Corte di Cassazione Civile Sezioni unite 9/9/2009 n. 19400; Pres. Carbone V.

Redazione 09/09/09
Scarica PDF Stampa
IN FATTO

La s.r.l. Trachite Zovonite, nel rivolgersi al consiglio dell’ordine degli avvocati di Vicenza, lamentò che l’avv. G.M.C. aveva chiesto il pagamento di due parcelle (riferibili a due ricorsi, uno dinanzi al TAR, l’altro rivolto al capo dello Stato, con cui erano state impugnate alcune ordinanze di pagamento di polizze fideiussorie) di importo eccessivo.

L’ordine professionale adito deliberò, nel giugno del 2007, l’apertura del procedimento disciplinare nei confronti dell’avv. G. irrogandole, all’esito dell’istruttoria, la sanzione della sospensione dall’esercizio della professione per 4 mesi, ritenendo che i due ricorsi fossero l’uno ripetizione dell’altro, e che per tale attività fosse stato, inoltre, preteso un doppio compenso, poichè il coniuge dell’incolpata, investito della medesima questione, aveva a sua volta chiesto ed ottenuto la liquidazione di onorari relativi alla vicenda de qua, sì che il totale complessivo percepito dai due legali ammontava ad oltre 15.000,00 Euro, a fronte di una spesa preventivata con il cliente di 5/6000 Euro.

La decisione fu in parte riformata dal consiglio nazionale forense che, escluso l’addebito di eccessività del compenso preteso, limitò l’incolpazione alla sola scorrettezza della condotta della G. (sanzionandola con la censura) la quale non aveva offerto al cliente ed al locale consiglio dell’ordine compiuti elementi di valutazione sull’attività svolta onde giustificare la duplicazione del compenso, stante l’apparenza di una medesima attività del codifensore (peraltro, anche suo marito).

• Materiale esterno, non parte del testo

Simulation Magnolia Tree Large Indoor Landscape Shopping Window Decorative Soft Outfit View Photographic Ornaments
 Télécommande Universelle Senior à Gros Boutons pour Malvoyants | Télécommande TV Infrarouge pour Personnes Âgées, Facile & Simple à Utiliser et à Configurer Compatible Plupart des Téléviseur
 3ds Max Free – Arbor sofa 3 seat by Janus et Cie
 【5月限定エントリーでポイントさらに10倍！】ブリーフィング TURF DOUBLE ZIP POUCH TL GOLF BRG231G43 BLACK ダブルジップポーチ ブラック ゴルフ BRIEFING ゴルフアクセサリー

La sentenza dell’organo disciplinare forense è stata impugnata da G.M.C. con ricorso per cassazione sorretto da due motivi di gravame.

L’intimato consiglio dell’ordine non ha svolto in questa sede attività difensiva.

IN DIRITTO

Il ricorso è infondato.

Con il primo motivo, si denuncia (senza peraltro specificare le norme che si assumono violate, se non genericamente quella ex art. 360 c.p.c., n. 5) violazione di legge e insufficiente e contraddittoria motivazione su di un fatto controverso e decisivo per il giudizio.

Illogicità e irragionevolezza.

Con il secondo motivo, si denuncia violazione di legge ex art. 360 c.p.c., n. 3 (R.D. n. 37 del 1934, art. 48, comma 1); violazione del generale principio di corrispondenza tra addebito contestato e sentenza.

I motivi, che possono essere congiuntamente esaminati, sono privi di pregio.

Essi si infrangono, difatti, sul corretto impianto motivazionale adottato dal giudice d’appello nella parte in cui ha ritenuto che l’incolpata non abbia fornito sia al cliente, sia al locale consiglio dell’ordine, compiuti elementi in ordine all’attività complessivamente svolta onde fugare il fondato sospetto di una illecita duplicazione della stessa (e dei relativi compensi), specie alla luce del rapporto di coniugio con il codifensore. Tale motivazione, che resiste alle critiche svolte con il primo motivo di ricorso – avendo il giudice del merito condivisibilmente stigmatizzato la scorrettezza della condotta della G. sotto il profilo della deontologia professionale in punto di mancata comunicazione al cliente di tutti i necessari elementi in ordine all’attività svolta, onde quegli potesse serenamente escludere una duplicazione di compensi attesa la particolare relazione esistente con il co-difensore, la cui attività legittimamente appariva sostanzialmente uguale-, consente di escludere altresì, con tranquillante certezza, qualsivoglia violazione del principio di corrispondenza dell’incolpazione alla condotta in concreto ascritta al legale, poichè dalla stessa motivazione della decisione di primo grado emerge con chiarezza che, nell’irrogazione della più grave sanzione della sospensione dall’esercizio della professione con peculiare riferimento (anche) alla quantificazione del compenso, entrambi i consigli dell’ordine hanno contestato e valutato il complessivo comportamento tenuto dalla G., sì che la (assai più mite) sanzione inflitta in seconde cure si atteggia a mò di derubricazione di una più grave e complessa incolpazione.

Il ricorso è pertanto rigettato.

P.Q.M.

La corte rigetta il ricorso. Nulla per le spese.